Gasolin' 2 was released in November 1972 and was received very well by the critics and the public. Musically they would loosen up after the sombre music of their debut album. "På en sommerdag", "Fi-fi dong" and "På banen" are up-tempo and jolly rock songs that would become popular in concert. "Se din by fra tårnets top", "Snehvide" (Snow white) and "Nanna" are slower songs with lyrics inspired by left-wing humanity. The latter song was also released on Kim Larsen's Værsgo (1973). Overall, Gasolin' 2 has a laid back and cosy ambience.

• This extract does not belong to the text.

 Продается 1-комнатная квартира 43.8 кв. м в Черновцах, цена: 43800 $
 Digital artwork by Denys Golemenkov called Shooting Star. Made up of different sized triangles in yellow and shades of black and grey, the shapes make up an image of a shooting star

Gasolin' 2 has one song not written by the band: "Min tøs" that is better known as "Where Did You Sleep Last Night" by Lead Belly. From this album "På en sommerdag" / "Se din by fra tårnets top" and "På banen" / "Min tøs" were released as singles. The cover album drawing was by Peder Bundgaard, he would go on to make their future album covers as well (with the exception of Gør det noget).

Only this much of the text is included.